Mi ricordo Moni Ovadia. E mi ricordo quel film, “Train de vie”...

Mi ricordo Praga sotto la neve, mi ricordo il vino dell'estate. Mi ricordo che mi piace il ricordo. Sapere che ho vissuto.

Può essere un gioco d'acqua e di specchi, la malinconia ubiqua e insinuante, Philip Glass alla maniera di Franz Kafka.

Oppure grazia e ingenuità, asini che volano, incanto ovattato, Marc Chagall alla maniera di Marc Chagall.

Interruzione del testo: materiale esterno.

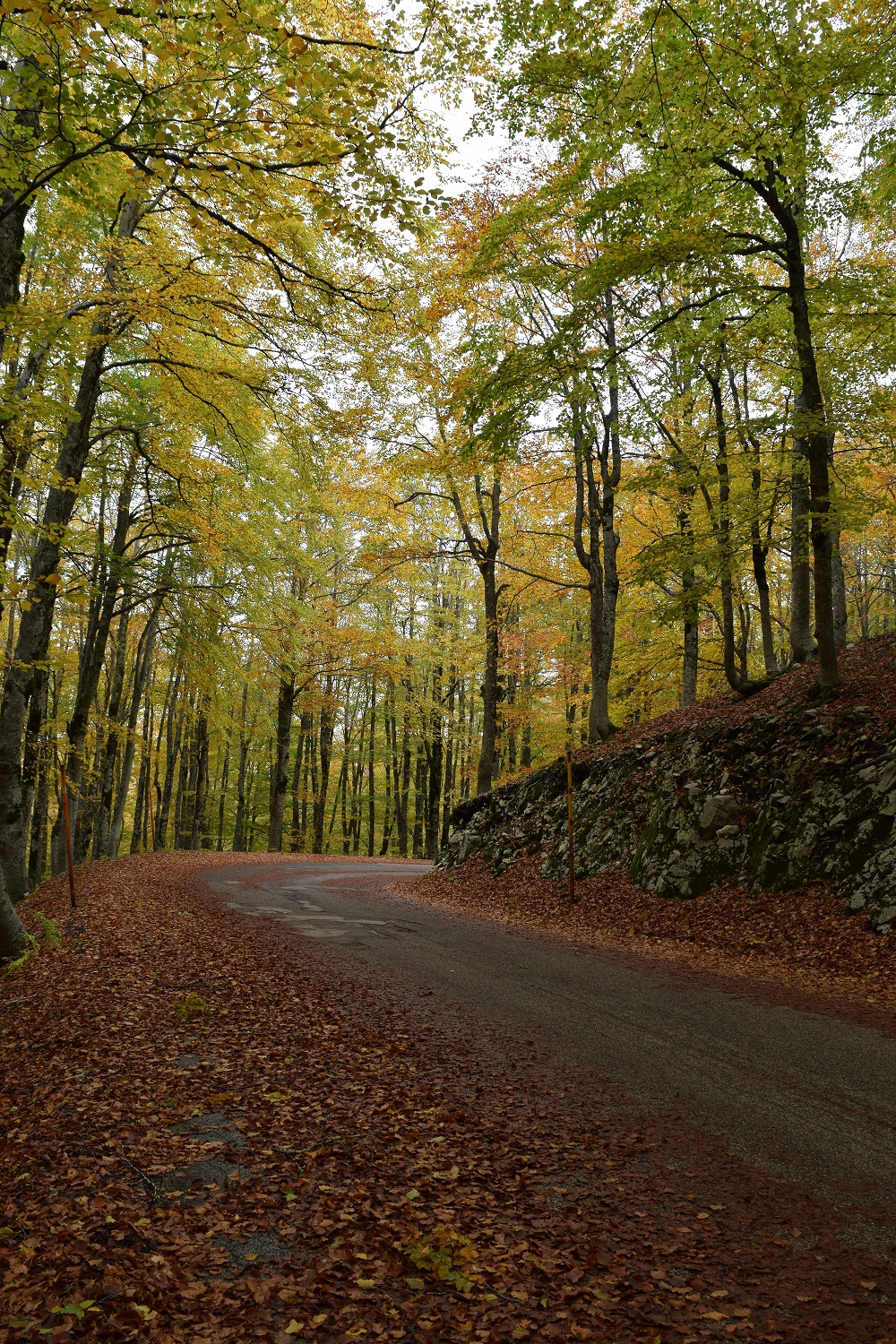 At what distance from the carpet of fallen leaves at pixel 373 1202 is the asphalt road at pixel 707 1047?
0.25 metres

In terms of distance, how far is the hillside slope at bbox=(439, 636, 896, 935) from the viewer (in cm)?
858

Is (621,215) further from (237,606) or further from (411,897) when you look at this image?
(411,897)

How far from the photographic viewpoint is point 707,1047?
5129 mm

E poi il blues degli elleni, l'incendio gitano. Violini sparati a mille finiti chissà come in una palla di vetro. E comunque, anche se è solo un'orchestrina, a traccia due tocca alzare il volume...

Musica, insomma. E quasi ti vien da pensare che “è vero che non riusciamo a parlare e che parliamo sempre troppo”

Poesia in movimento, poesia molto spesso da due soldi, ma che importa? E' tutto talmente bello...

Sei in un piccolo caffè e ci sono tre tizi, fisarmonica chitarra violino. E quel talmente bello te lo restituiscono come se ti mostrassero una vecchia foto.

E anche se non c'è la strada è musica di strada. Anche se non c'è la polvere è musica piena di polvere.

Il tutto “trafitto da un raggio di sole”...

Allora sei ubriaco senza aver bevuto, felice senza essere felice. E magari può essere che stai vivendo ancora.